--- Data shown Enclosed Below ---
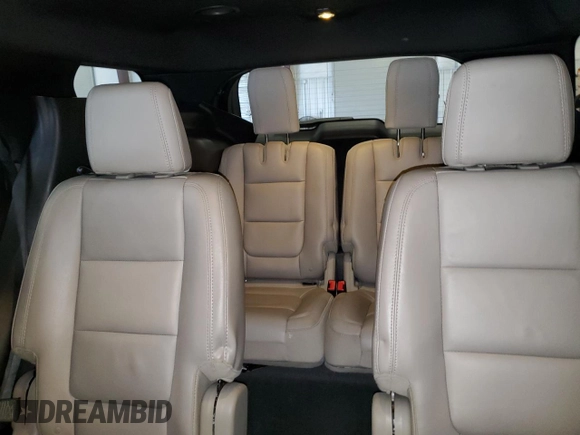 2014 Ford Explorer XLT with VIN 1FM5K7D81EGC28771, listed as a Copart auction lot 60571955 with 92,647 mi miles and Salvage title. Bid and sale history available at DreamBid. Image 10.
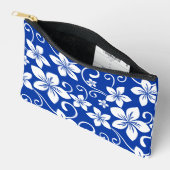 BLAUW HAWAII PATROON IN KONINKLIJK BLAUW ETUI (Open)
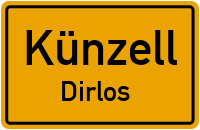 Wasserkuppenstraße in 36093 Künzell (Dirlos)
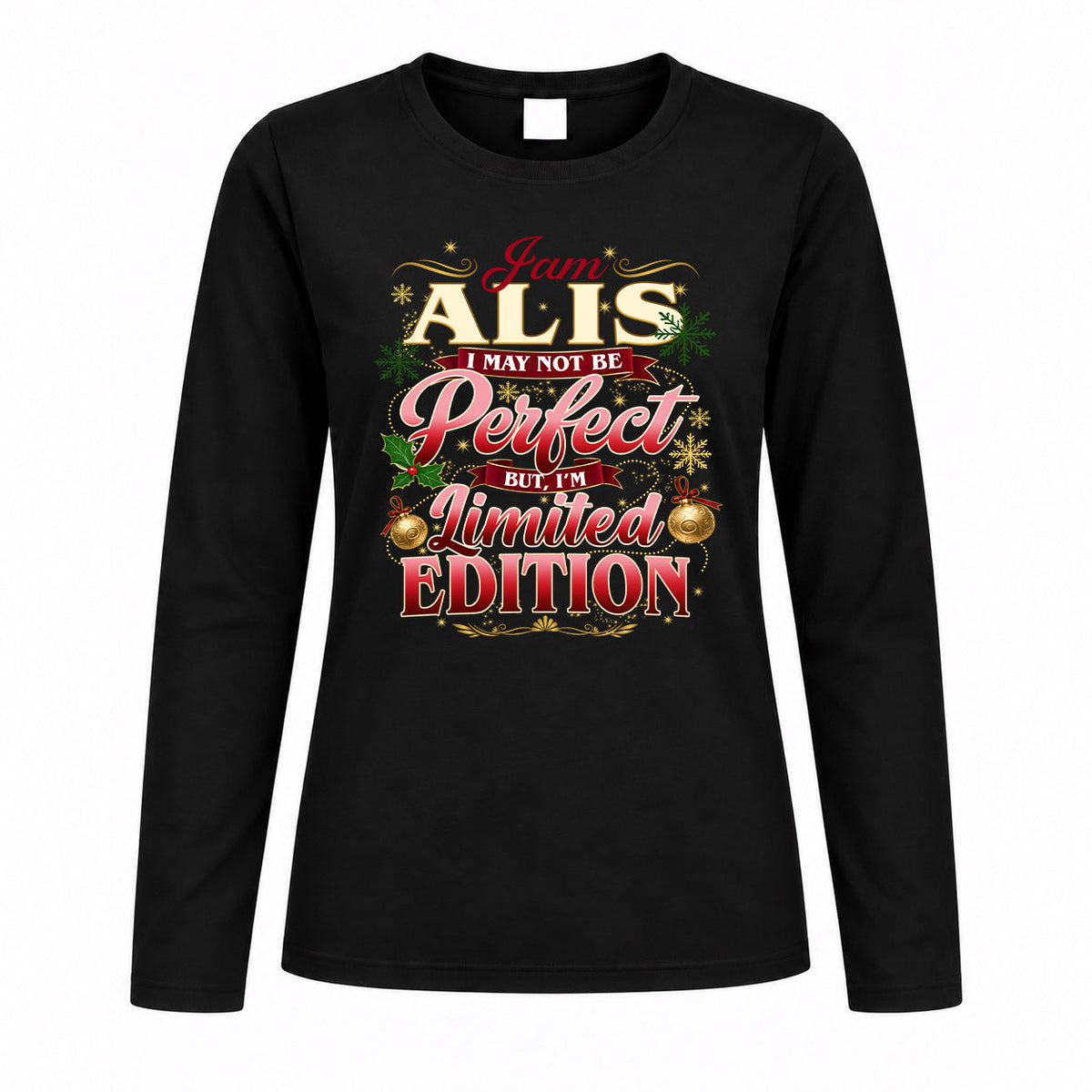 ALIS KTT-TT43 Personalized Funny Quote Apparel product image 4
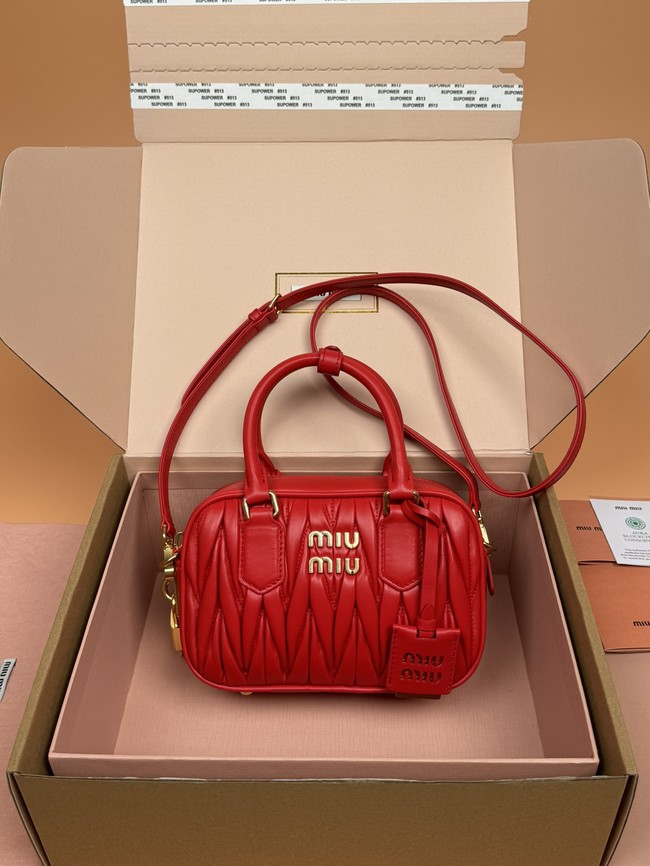 MIUMIU Arcadie Leather Mini Bag 5BP088-2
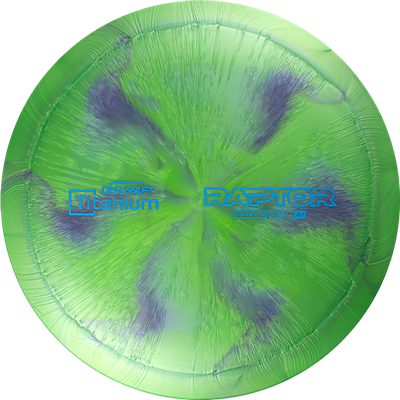 Discraft Titanium Raptor / 9 | 4 | 0 | 3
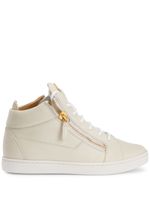 Giuseppe Zanotti baskets Nicki en cuir - Blanc - thumbnail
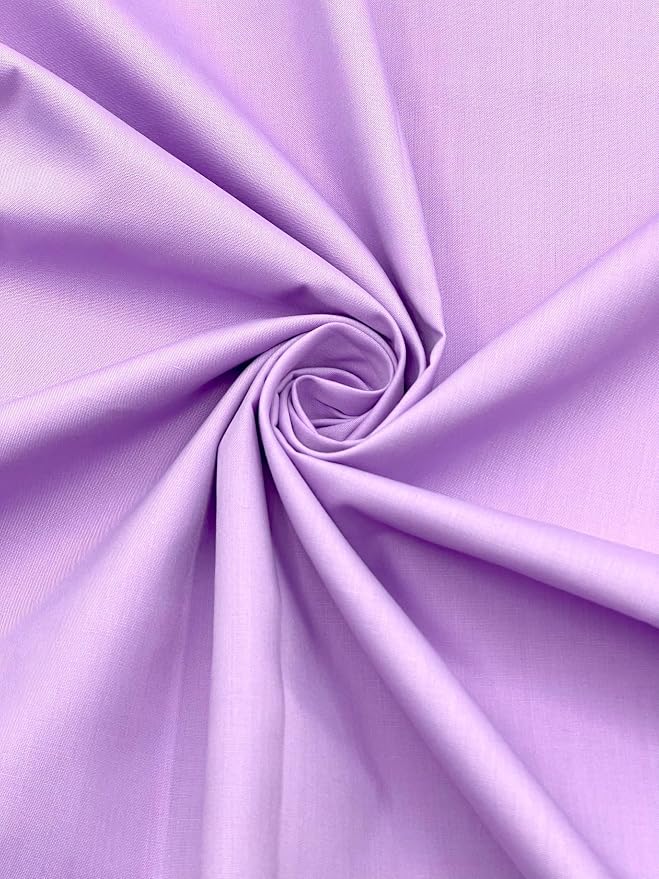 EOVEA - Cotton Polyester Fabric by The Yard – 60" Wide Broadcloth Fabric by EOVEA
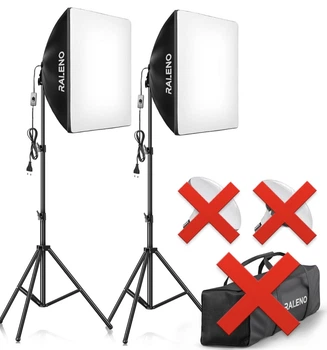 RALEMO Softbox PS70 - без ламп, рассеивателей и сумки - Уценка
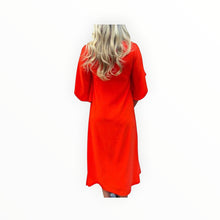 Anna Cate Meredith Maxi Dress - Cherry Tomato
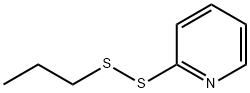 n-propyl 2-pyridyl disulfide Structural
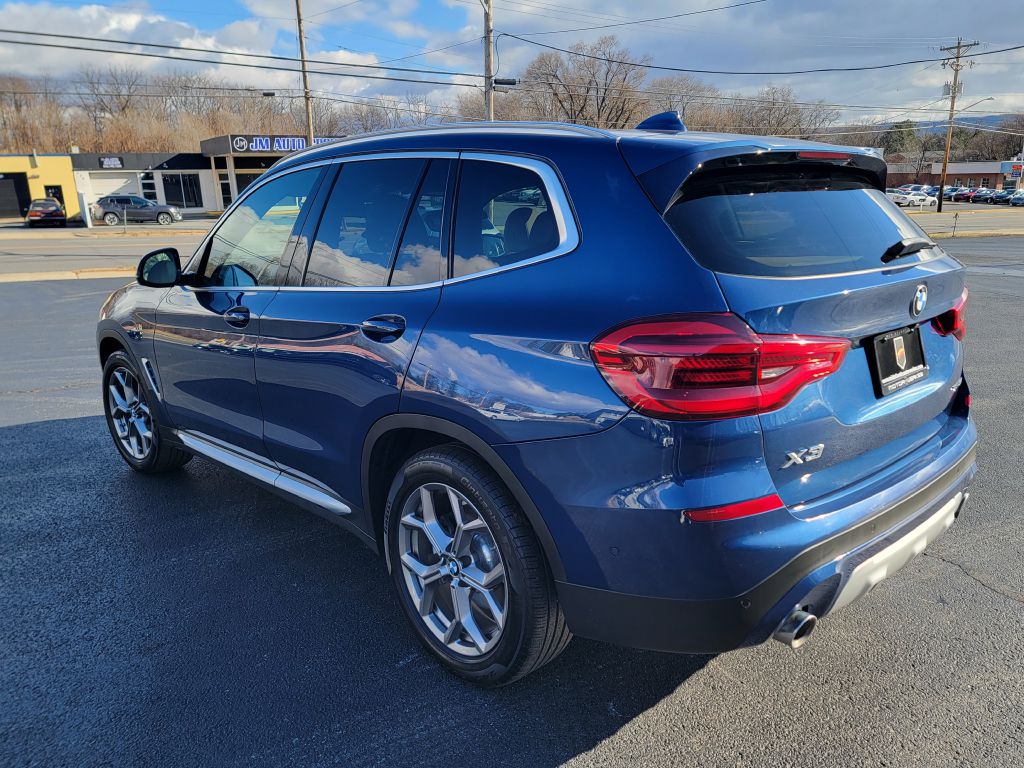 Image for 2020 BMW X3 XDRIVE 30I 1-Owner Blind Spot Skyview!!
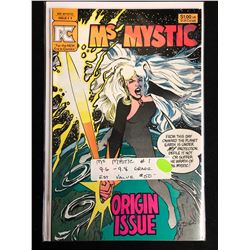 MS MYSTIC #1 (PC COMICS)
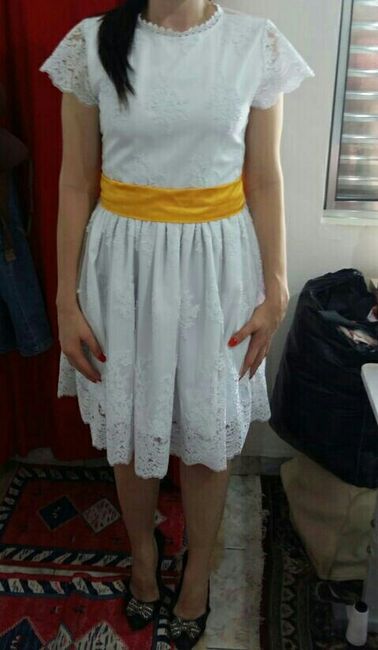 Meu vestido do civil - 2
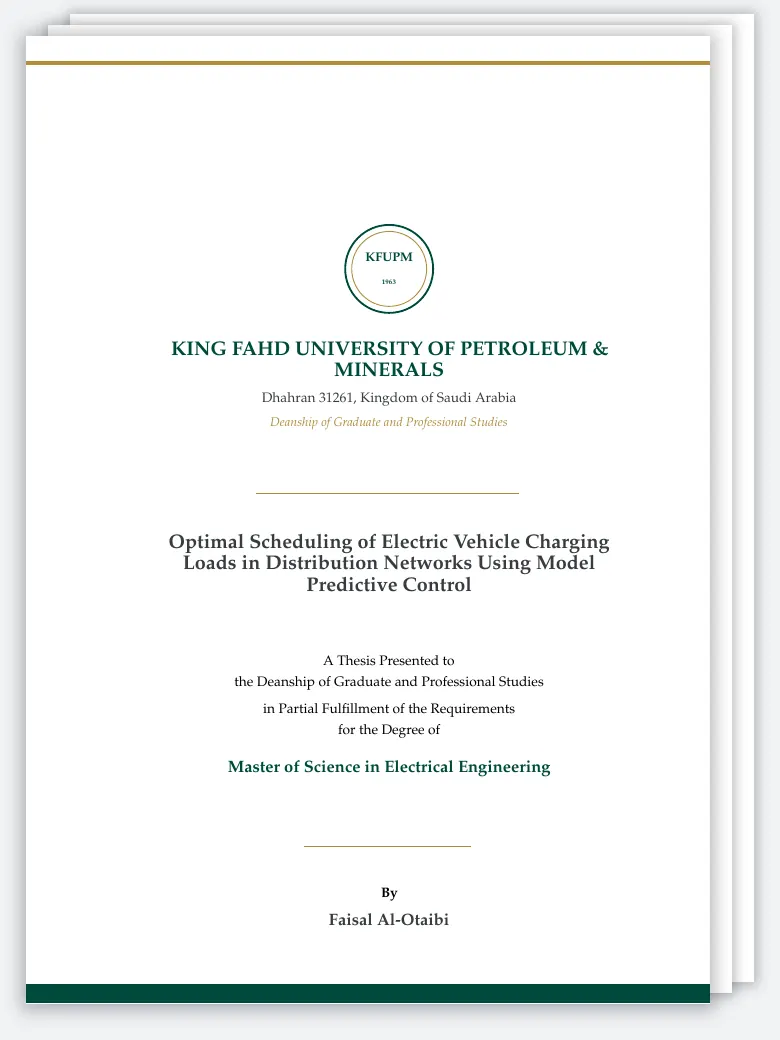 KFUPM Thesis preview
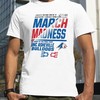Unc Asheville Men's Basketball 2023 NCAA March Madness The Road To Final Four Shirt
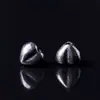Contas espaçadoras antigas de prata, contas grandes de furo de prata vintage do Xizang, pulseiras e colares de miçangas DIY criativos, contas soltas, acessórios de joias de liga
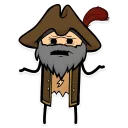 😟 emoji Cyanide & Happiness Telegram sticker 12 of 20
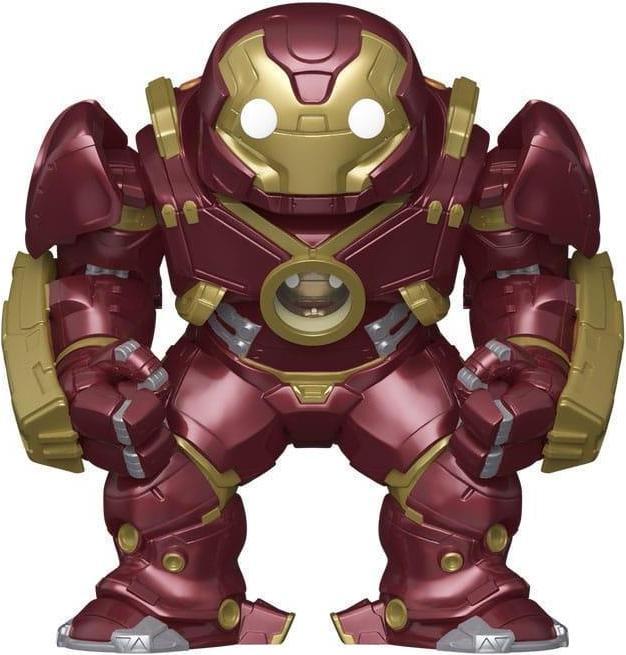 Image du produit Funko FK83645 - Bitty POP! Bots Pack de 4 figurines Marvel- Hulkbuster 2,5 cm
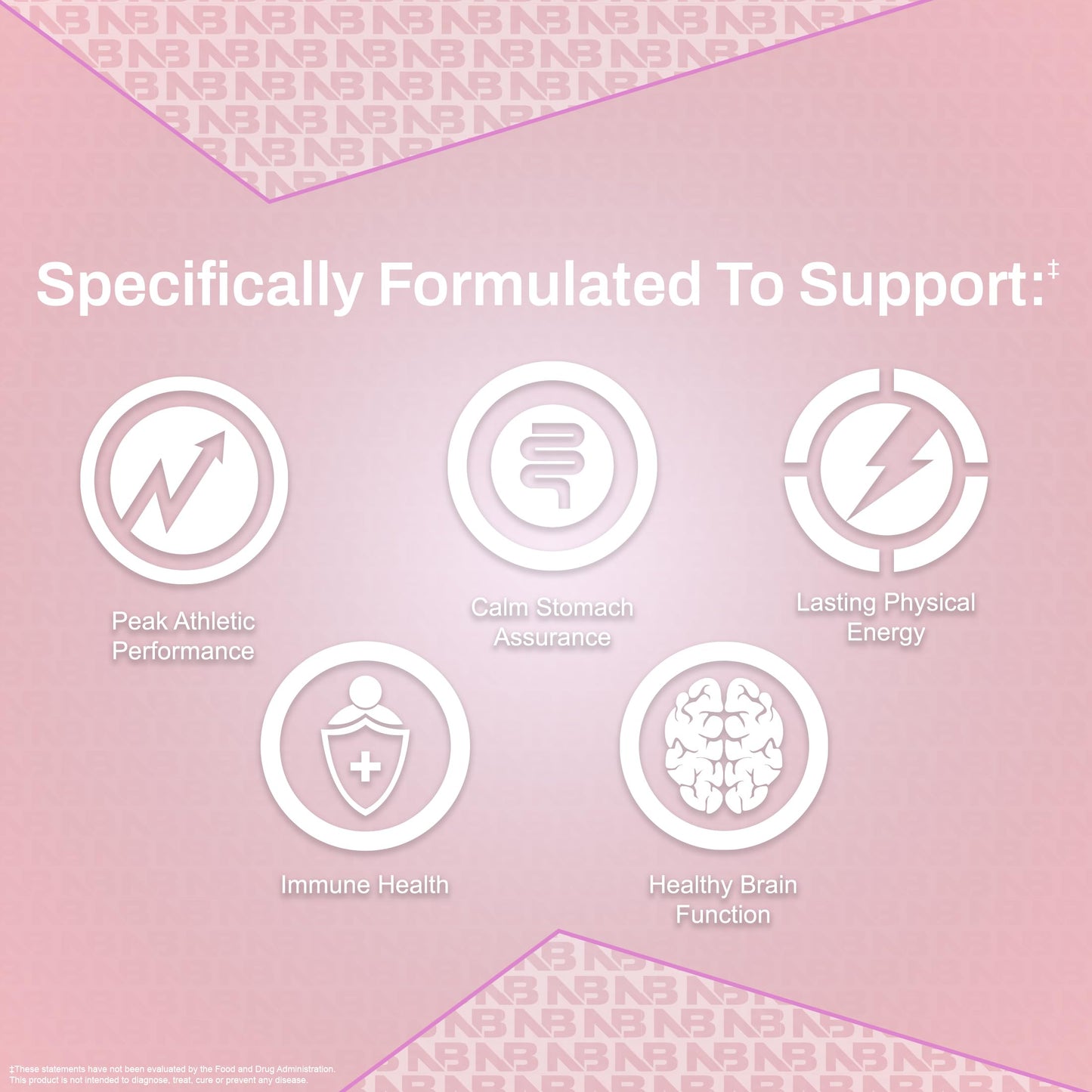 Frasco de vitaminas para mujeres NutraBio Multisport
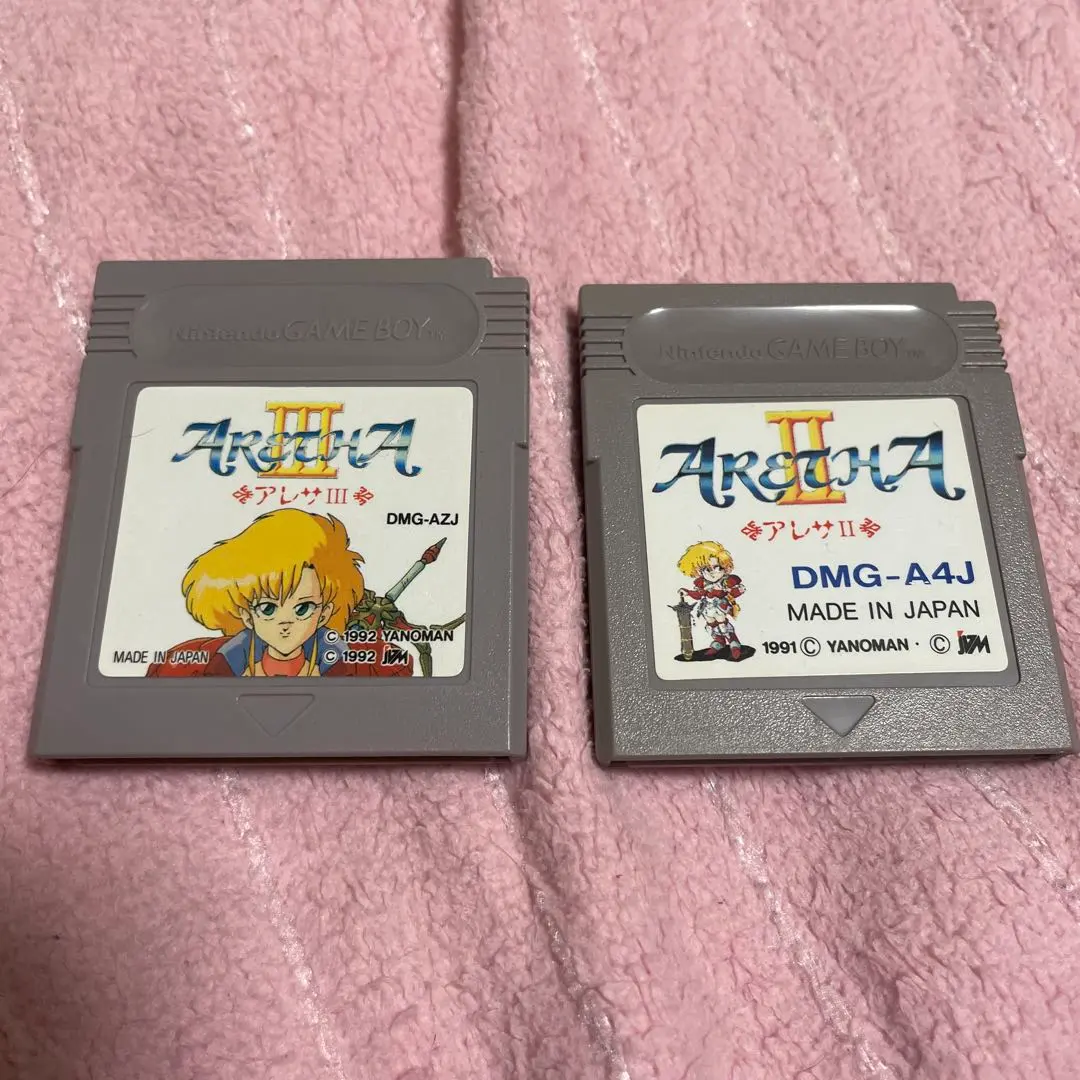 2026年最新】アレサ III ゲームボーイの人気アイテム - メルカリ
--- End of Enclosed Data shown ---
## Work request
From the line containing "Anna Cate Meredith" down to the last line of the entries above, retype each line exactly as it stands, but skip the pictures.

## Exercise response
 Anna Cate Meredith Maxi Dress - Cherry Tomato
 n-propyl 2-pyridyl disulfide Structural
 Image for 2020 BMW X3 XDRIVE 30I 1-Owner Blind Spot Skyview!!
 MS MYSTIC #1 (PC COMICS)
 Meu vestido do civil - 2
 KFUPM Thesis preview
Unc Asheville Men's Basketball 2023 NCAA March Madness The Road To Final Four Shirt
Contas espaçadoras antigas de prata, contas grandes de furo de prata vintage do Xizang, pulseiras e colares de miçangas DIY criativos, contas soltas, acessórios de joias de liga
 😟 emoji Cyanide & Happiness Telegram sticker 12 of 20
 Image du produit Funko FK83645 - Bitty POP! Bots Pack de 4 figurines Marvel- Hulkbuster 2,5 cm
 Frasco de vitaminas para mujeres NutraBio Multisport
 2026年最新】アレサ III ゲームボーイの人気アイテム - メルカリ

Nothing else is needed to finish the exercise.